(Task instructions)
Your reply must contain the lines from the one with "1歳の誕生日を迎えた長女とキ" through the last line of the material, exact and complete, with no pictures and no other text.
........
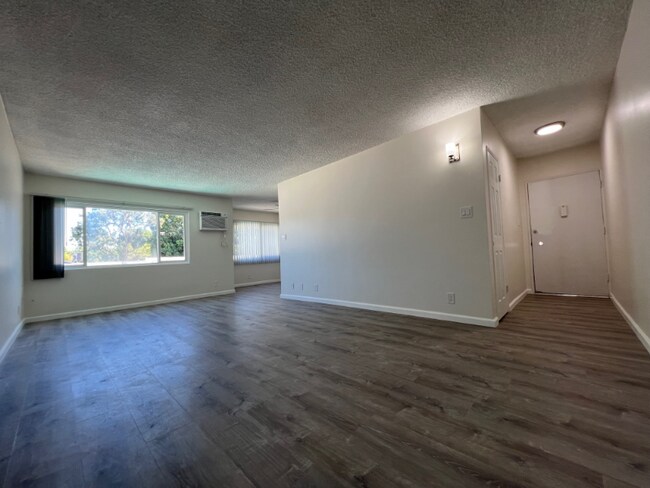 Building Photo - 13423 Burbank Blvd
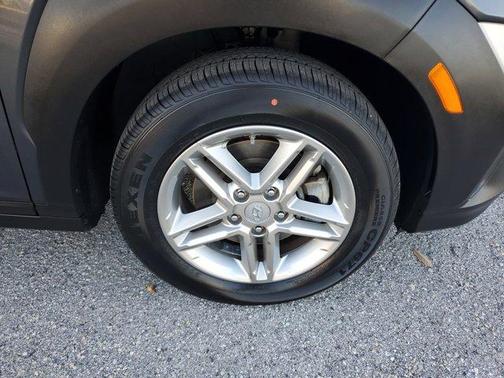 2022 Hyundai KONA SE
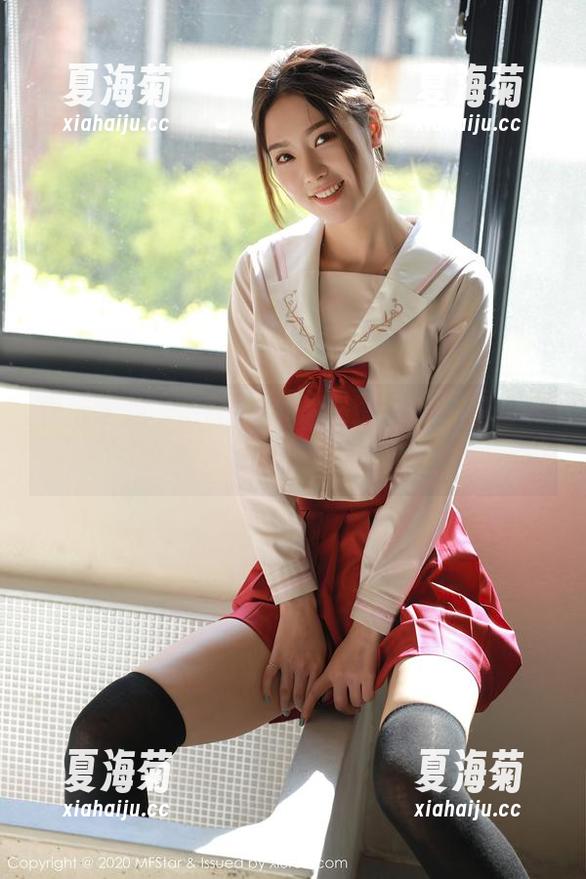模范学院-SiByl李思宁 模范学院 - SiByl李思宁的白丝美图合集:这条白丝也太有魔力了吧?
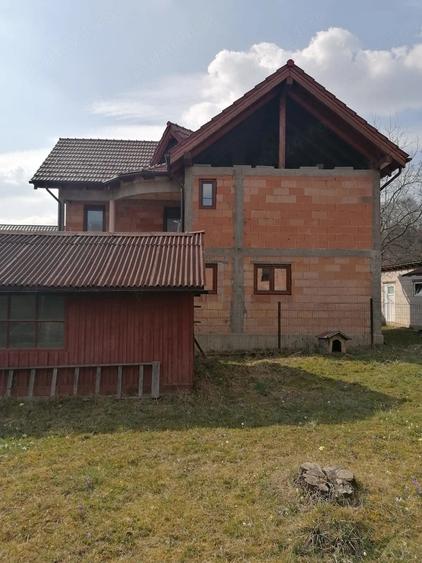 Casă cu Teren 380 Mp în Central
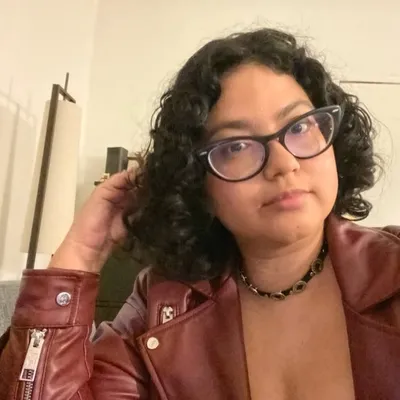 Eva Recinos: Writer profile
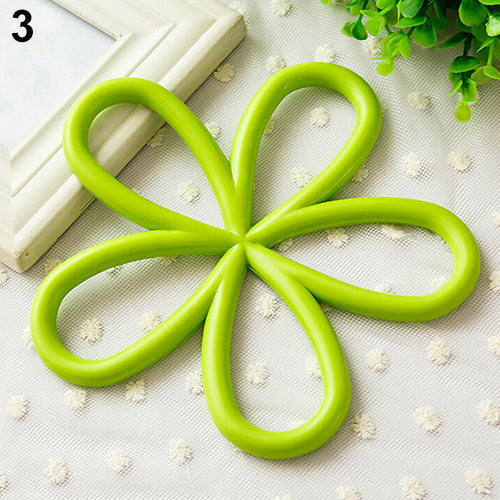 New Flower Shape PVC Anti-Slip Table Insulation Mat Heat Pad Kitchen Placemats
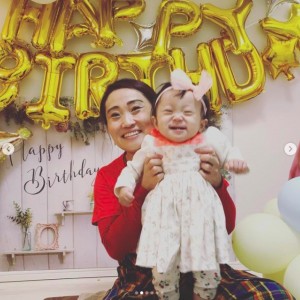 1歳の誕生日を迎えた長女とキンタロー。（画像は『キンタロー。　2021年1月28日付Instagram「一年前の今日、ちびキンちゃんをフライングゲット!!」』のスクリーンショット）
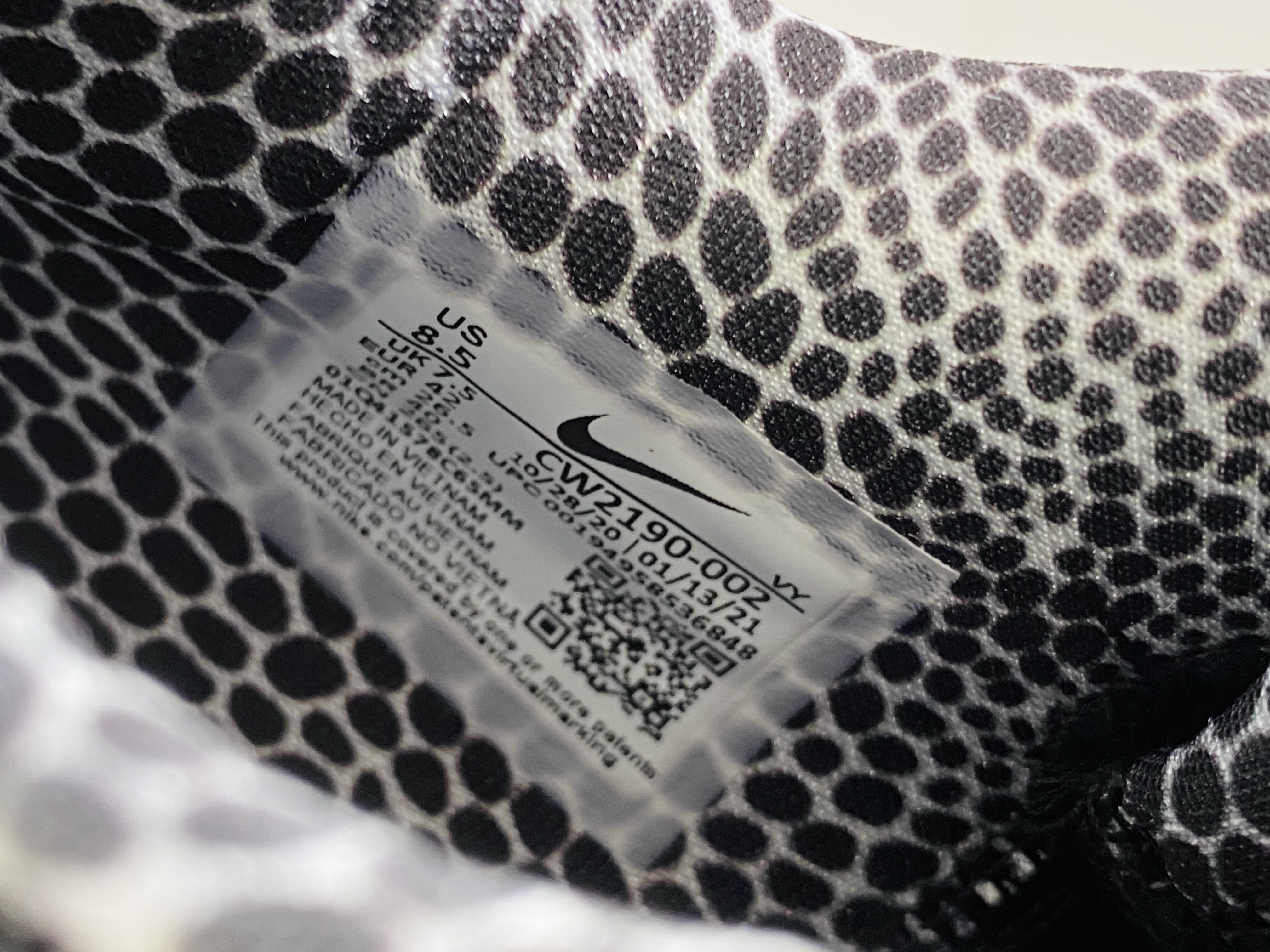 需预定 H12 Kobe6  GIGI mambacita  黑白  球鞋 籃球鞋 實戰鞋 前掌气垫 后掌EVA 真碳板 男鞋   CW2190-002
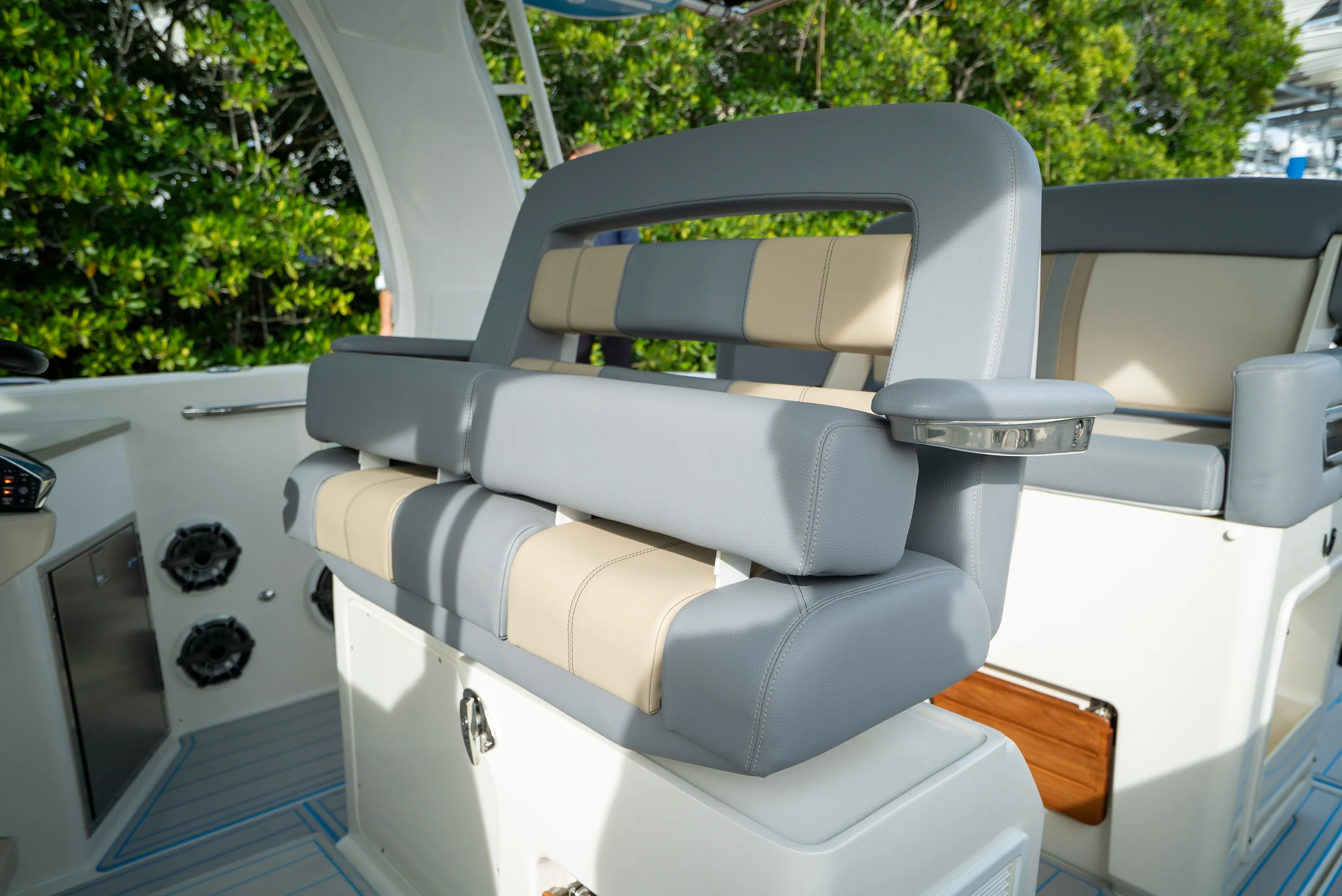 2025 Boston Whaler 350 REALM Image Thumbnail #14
........
(Result of this exercise)
 1歳の誕生日を迎えた長女とキンタロー。（画像は『キンタロー。　2021年1月28日付Instagram「一年前の今日、ちびキンちゃんをフライングゲット!!」』のスクリーンショット）
 需预定 H12 Kobe6  GIGI mambacita  黑白  球鞋 籃球鞋 實戰鞋 前掌气垫 后掌EVA 真碳板 男鞋   CW2190-002
 2025 Boston Whaler 350 REALM Image Thumbnail #14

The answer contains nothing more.